In Andrews v Australia and New Zealand Banking Group Ltd (2012) 247 CLR 205 ("Andrews") (at [12], [45]-[46] and [78]), the High Court departed from English law to the extent that it determined that penalties doctrine was not confined to contractual provisions involving a breach of contract by one of the parties. The 'primary stipulation' may be the occurrence, or non-occurrence of an event simpliciter.
In Arab Bank Australia Ltd v Sayde Developments Pty Ltd (2016) 93 NSWLR 231 ("Arab Bank"), after considering the last of the trilogy of recent High Court cases dealing with penalties in Paciocco v Australia and New Zealand Banking Group (2016) 258 CLR 525 ("Paciocco"), MacDougall J (delivering the leading judgment) distilled (at [74]) the following principles (citations omitted):
"(1) Lord Dunedin's propositions were not "rules of law", but "distillations of principle" …
(2) The essence of a penalty is that it is a collateral stipulation, the (or a predominant) purpose of which is to punish the borrower for breach, and thus to compel performance ...

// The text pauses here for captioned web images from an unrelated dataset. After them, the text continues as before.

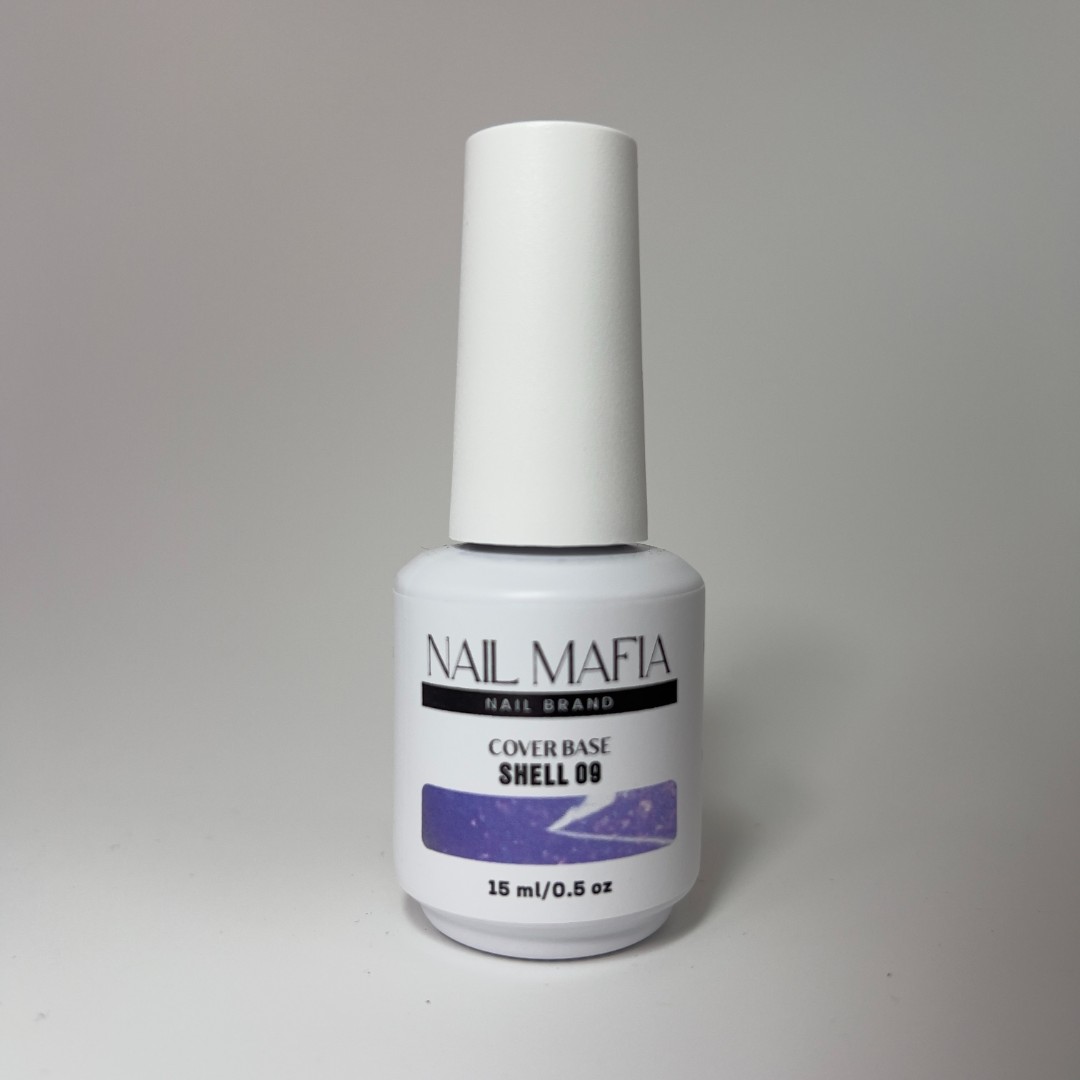SHELL 09 cover base 15ml
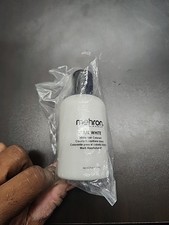 Mehron Makeup Hair White Washable Hair Dye 4.5 oz 133 ml White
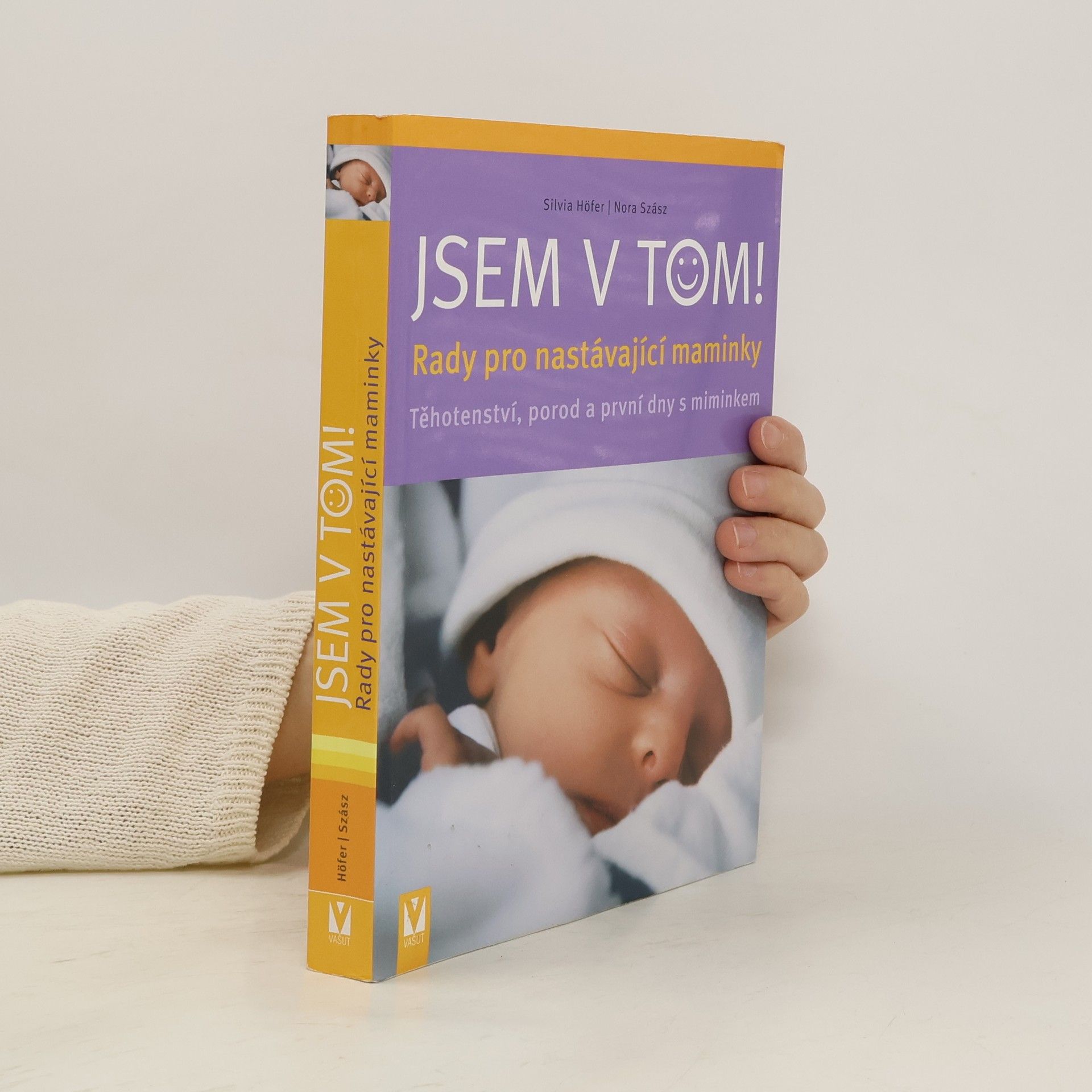 Silvia Höfer Jsem v tom!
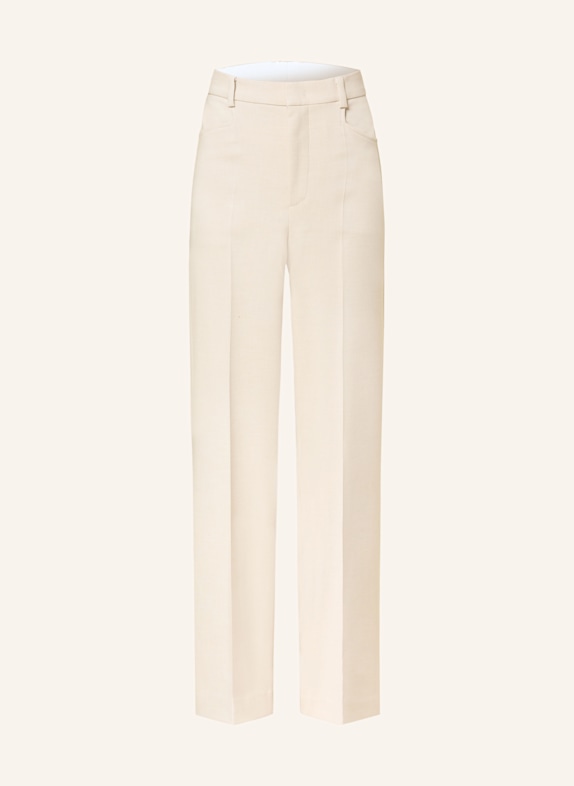 VANILIA Marlenehose CREME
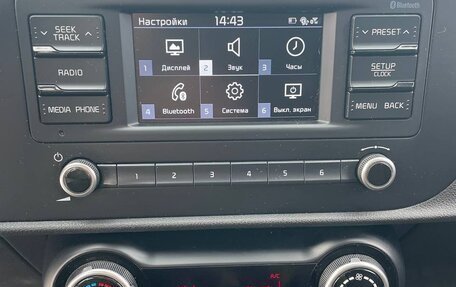 KIA Rio IV, 2021 год, 1 700 000 рублей, 12 фотография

(3) One way of testing whether the impugned stipulation is penal - intended to punish - is to inquire whether the sum that it stipulates to be payable on breach (as I have indicated, the equitable origins and continuing equitable operation of the principle have no present relevance) is to ask whether the stipulated sum is extravagant or out of all proportion to, or unconscionable in comparison with, the maximum amount of damage that might be anticipated to follow from the breach ...
(4) "Damage" in this sense is not limited to damages recoverable upon breach of contract, but may extend to damage, or losses, caused by the impairment of other legitimate commercial interests that were intended to be protected by the stipulation ...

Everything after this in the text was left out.